##### Data shown #####
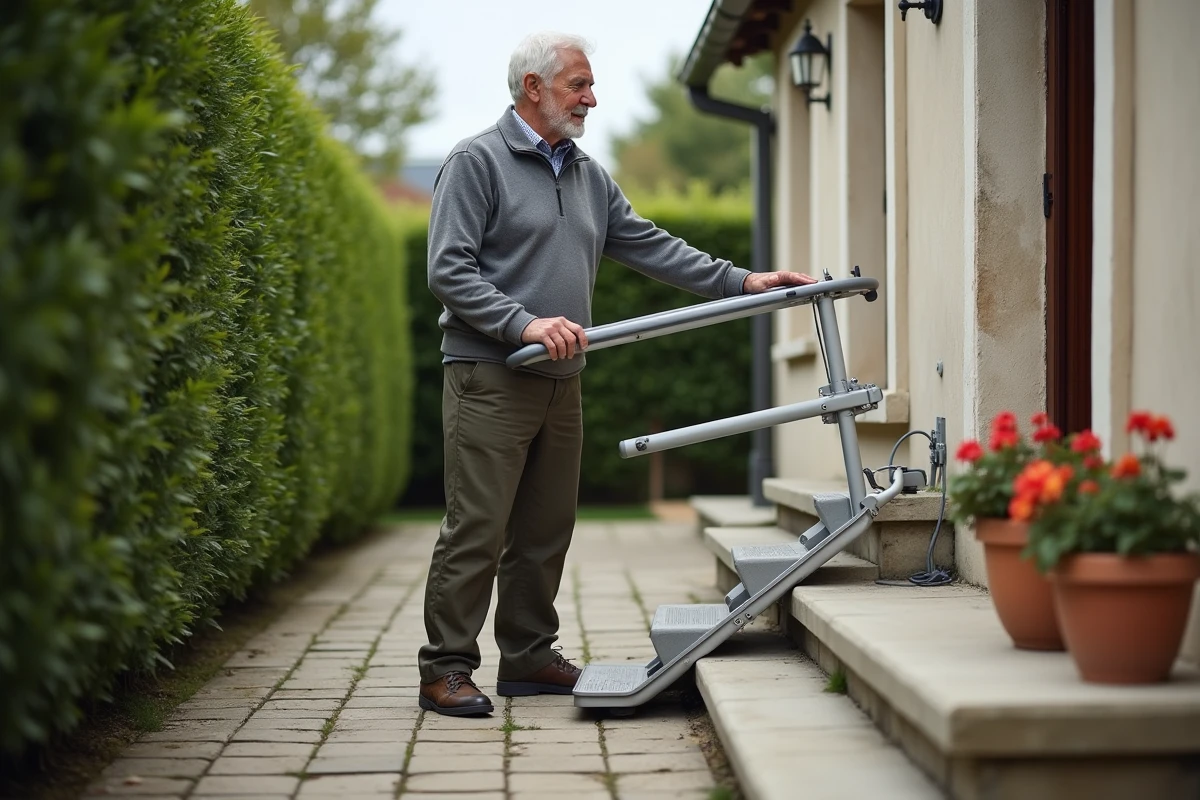 Homme senior testant un monte escaliers portatif sans installation devant une maison française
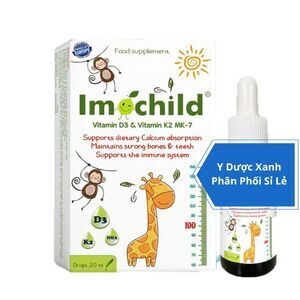 IMOCHILD D3 K2, 20ml, Dung dịch nhỏ giọt D3 K2 cho trẻ sơ sinh, trẻ em của Tây Ban Nha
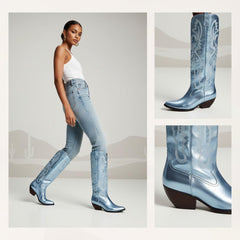 Tuhoomall Western Mid Calf Boots for Women, Embroidered Pointed Toe, Chunky Heel, Slip-On Design for Casual Style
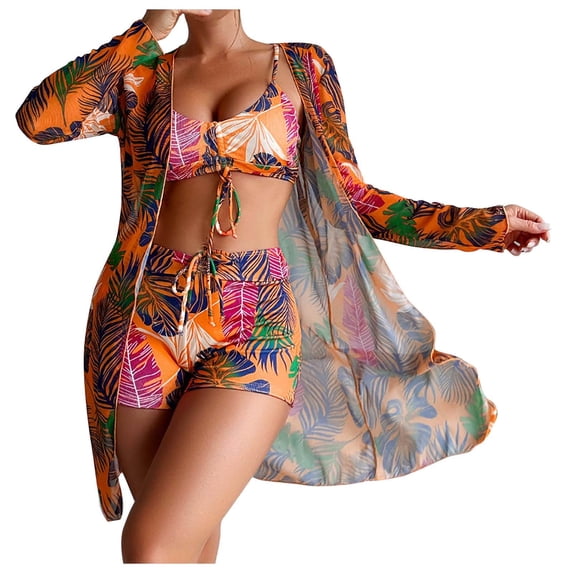 WREESH Womens 3 Piece Swimsuits Board Shorts Bikini Set with Kimono Beach Cover Ups Printed Bikini Straps Bikini Deep V Split Swimsuit Set Swimsuit Set Bathing Suit Orange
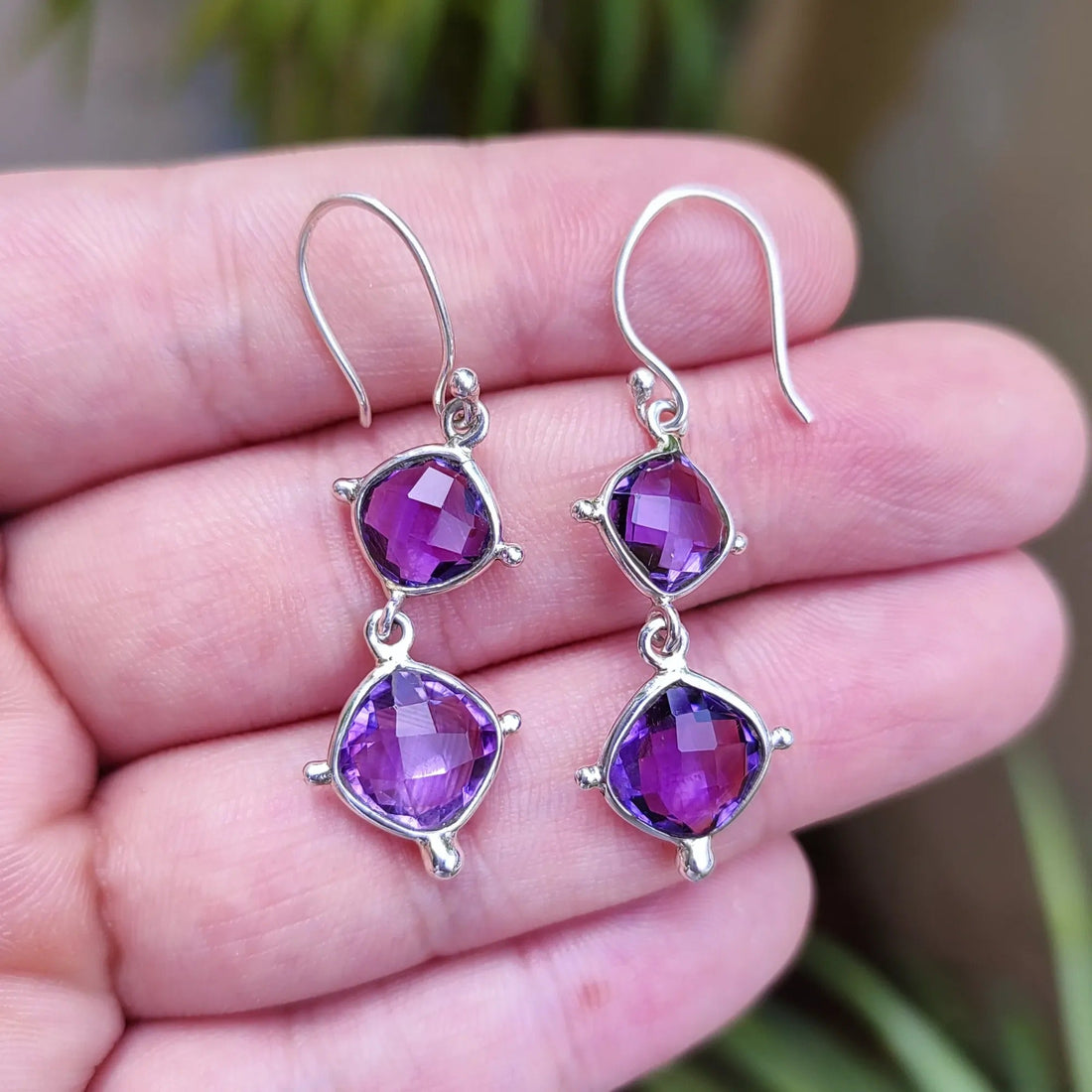 Amethyst Dangle Earrings, 925 Sterling Silver Handmade Earrings, Natural Purple Gemstone Cushion Briolette Earrings, Gift for Her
#####
*Work request:*
The records above are to be retyped exactly, with every picture left out.

*The answer:*
 Homme senior testant un monte escaliers portatif sans installation devant une maison française
 IMOCHILD D3 K2, 20ml, Dung dịch nhỏ giọt D3 K2 cho trẻ sơ sinh, trẻ em của Tây Ban Nha
 Tuhoomall Western Mid Calf Boots for Women, Embroidered Pointed Toe, Chunky Heel, Slip-On Design for Casual Style
 WREESH Womens 3 Piece Swimsuits Board Shorts Bikini Set with Kimono Beach Cover Ups Printed Bikini Straps Bikini Deep V Split Swimsuit Set Swimsuit Set Bathing Suit Orange
 Amethyst Dangle Earrings, 925 Sterling Silver Handmade Earrings, Natural Purple Gemstone Cushion Briolette Earrings, Gift for Her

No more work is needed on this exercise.